Work order: Only the lines below, from the one with "Blurred View Kiev" through the one with "POITS Beer Bingo Card", are to be written out, exactly.

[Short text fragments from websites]
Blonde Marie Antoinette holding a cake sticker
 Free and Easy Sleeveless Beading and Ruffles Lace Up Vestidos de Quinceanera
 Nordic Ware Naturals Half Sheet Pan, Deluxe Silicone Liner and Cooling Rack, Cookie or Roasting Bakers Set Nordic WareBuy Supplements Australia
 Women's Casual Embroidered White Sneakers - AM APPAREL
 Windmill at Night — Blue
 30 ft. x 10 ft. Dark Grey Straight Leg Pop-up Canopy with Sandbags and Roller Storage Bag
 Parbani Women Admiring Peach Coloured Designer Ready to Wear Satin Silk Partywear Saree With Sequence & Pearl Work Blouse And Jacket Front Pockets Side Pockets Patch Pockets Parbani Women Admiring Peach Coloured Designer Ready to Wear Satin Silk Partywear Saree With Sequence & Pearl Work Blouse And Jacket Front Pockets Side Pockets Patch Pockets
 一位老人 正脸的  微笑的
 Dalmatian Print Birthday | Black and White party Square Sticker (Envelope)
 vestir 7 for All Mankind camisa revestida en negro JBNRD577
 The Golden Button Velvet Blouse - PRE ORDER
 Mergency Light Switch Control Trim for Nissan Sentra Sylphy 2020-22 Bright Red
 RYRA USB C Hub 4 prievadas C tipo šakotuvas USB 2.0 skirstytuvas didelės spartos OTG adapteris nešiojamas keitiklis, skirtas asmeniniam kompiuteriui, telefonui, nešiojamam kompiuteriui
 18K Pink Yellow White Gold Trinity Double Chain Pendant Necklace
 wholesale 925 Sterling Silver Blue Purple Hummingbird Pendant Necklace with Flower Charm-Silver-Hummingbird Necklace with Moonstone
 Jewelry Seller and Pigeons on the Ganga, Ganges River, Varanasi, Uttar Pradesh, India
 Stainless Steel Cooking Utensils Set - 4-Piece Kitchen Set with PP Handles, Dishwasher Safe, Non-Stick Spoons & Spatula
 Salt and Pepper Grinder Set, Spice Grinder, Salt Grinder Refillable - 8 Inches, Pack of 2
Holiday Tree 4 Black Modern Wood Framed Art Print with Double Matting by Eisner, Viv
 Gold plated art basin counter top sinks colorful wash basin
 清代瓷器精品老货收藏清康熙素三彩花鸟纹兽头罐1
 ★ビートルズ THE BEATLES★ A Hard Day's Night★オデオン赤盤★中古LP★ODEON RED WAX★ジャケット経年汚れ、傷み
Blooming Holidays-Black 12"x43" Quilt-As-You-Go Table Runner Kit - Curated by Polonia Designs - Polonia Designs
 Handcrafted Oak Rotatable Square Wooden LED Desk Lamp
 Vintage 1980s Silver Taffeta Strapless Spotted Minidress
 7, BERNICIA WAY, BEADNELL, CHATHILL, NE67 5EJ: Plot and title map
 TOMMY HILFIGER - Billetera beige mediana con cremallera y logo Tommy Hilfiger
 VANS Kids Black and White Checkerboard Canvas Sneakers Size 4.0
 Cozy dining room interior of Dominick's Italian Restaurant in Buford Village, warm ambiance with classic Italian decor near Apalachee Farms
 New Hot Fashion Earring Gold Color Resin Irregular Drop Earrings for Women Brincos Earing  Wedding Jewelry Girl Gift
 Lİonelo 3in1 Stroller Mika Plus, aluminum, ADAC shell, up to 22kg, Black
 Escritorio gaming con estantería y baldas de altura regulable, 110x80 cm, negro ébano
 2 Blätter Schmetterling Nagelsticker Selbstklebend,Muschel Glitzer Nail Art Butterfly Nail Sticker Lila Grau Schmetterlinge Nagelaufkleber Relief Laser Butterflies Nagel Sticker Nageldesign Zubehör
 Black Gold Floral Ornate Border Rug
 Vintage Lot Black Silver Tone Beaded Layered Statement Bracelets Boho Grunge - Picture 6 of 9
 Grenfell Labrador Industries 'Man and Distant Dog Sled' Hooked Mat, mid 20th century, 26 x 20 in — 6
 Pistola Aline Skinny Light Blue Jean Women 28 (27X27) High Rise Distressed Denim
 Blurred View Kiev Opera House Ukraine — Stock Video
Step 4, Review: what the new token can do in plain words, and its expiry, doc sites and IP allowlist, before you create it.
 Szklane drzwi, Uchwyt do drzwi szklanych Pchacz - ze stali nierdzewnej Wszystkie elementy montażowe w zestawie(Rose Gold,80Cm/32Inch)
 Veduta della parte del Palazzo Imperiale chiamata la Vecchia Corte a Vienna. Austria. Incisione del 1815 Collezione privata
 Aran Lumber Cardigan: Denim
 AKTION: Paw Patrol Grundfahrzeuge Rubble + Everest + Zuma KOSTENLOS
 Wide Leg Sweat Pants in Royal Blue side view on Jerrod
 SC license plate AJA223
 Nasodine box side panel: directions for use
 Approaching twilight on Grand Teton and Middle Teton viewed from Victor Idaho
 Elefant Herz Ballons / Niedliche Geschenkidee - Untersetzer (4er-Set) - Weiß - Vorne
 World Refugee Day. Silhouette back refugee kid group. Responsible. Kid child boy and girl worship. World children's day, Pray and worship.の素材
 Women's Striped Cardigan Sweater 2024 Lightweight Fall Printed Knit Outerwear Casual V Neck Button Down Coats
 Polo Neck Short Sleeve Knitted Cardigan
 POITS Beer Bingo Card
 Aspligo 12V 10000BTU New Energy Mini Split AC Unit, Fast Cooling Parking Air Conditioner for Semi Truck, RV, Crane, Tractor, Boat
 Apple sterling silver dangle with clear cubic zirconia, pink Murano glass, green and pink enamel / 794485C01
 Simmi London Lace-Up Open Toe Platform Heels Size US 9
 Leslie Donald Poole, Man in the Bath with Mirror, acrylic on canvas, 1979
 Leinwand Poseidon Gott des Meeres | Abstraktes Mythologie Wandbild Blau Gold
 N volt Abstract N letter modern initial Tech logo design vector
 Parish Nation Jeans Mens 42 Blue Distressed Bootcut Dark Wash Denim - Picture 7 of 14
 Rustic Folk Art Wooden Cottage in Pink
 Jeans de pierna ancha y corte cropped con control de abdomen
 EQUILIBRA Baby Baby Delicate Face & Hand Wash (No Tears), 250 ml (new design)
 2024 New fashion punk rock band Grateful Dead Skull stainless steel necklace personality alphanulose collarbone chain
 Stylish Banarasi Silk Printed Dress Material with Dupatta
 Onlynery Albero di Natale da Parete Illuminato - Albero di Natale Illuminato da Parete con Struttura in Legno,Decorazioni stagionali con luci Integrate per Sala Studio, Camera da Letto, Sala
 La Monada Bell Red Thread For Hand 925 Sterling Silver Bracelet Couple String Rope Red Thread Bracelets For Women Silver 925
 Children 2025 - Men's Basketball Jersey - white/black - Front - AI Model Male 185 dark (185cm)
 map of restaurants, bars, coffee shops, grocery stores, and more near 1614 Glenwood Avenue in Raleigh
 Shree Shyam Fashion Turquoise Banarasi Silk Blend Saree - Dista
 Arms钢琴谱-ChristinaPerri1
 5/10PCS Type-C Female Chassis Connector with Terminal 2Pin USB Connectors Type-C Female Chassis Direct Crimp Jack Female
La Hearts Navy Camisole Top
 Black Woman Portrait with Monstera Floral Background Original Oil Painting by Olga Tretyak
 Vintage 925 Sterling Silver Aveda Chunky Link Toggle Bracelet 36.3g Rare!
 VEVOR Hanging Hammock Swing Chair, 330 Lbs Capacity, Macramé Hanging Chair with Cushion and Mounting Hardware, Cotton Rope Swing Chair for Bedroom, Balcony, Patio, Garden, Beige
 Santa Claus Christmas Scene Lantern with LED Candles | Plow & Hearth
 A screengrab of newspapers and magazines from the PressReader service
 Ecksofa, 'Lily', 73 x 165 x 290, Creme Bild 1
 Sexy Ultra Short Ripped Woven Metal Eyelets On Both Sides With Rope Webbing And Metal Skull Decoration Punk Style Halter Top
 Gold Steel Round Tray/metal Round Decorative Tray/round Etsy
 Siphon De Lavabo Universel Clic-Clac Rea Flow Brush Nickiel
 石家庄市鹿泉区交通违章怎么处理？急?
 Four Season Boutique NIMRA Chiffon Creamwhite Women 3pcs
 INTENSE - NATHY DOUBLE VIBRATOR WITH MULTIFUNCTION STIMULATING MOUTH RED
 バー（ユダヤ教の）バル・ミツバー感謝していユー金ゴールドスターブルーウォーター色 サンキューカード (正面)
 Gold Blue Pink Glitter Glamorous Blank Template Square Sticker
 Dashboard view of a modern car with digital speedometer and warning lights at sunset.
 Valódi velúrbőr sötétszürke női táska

Response for this exercise:
 Blurred View Kiev Opera House Ukraine — Stock Video
Step 4, Review: what the new token can do in plain words, and its expiry, doc sites and IP allowlist, before you create it.
 Szklane drzwi, Uchwyt do drzwi szklanych Pchacz - ze stali nierdzewnej Wszystkie elementy montażowe w zestawie(Rose Gold,80Cm/32Inch)
 Veduta della parte del Palazzo Imperiale chiamata la Vecchia Corte a Vienna. Austria. Incisione del 1815 Collezione privata
 Aran Lumber Cardigan: Denim
 AKTION: Paw Patrol Grundfahrzeuge Rubble + Everest + Zuma KOSTENLOS
 Wide Leg Sweat Pants in Royal Blue side view on Jerrod
 SC license plate AJA223
 Nasodine box side panel: directions for use
 Approaching twilight on Grand Teton and Middle Teton viewed from Victor Idaho
 Elefant Herz Ballons / Niedliche Geschenkidee - Untersetzer (4er-Set) - Weiß - Vorne
 World Refugee Day. Silhouette back refugee kid group. Responsible. Kid child boy and girl worship. World children's day, Pray and worship.の素材
 Women's Striped Cardigan Sweater 2024 Lightweight Fall Printed Knit Outerwear Casual V Neck Button Down Coats
 Polo Neck Short Sleeve Knitted Cardigan
 POITS Beer Bingo Card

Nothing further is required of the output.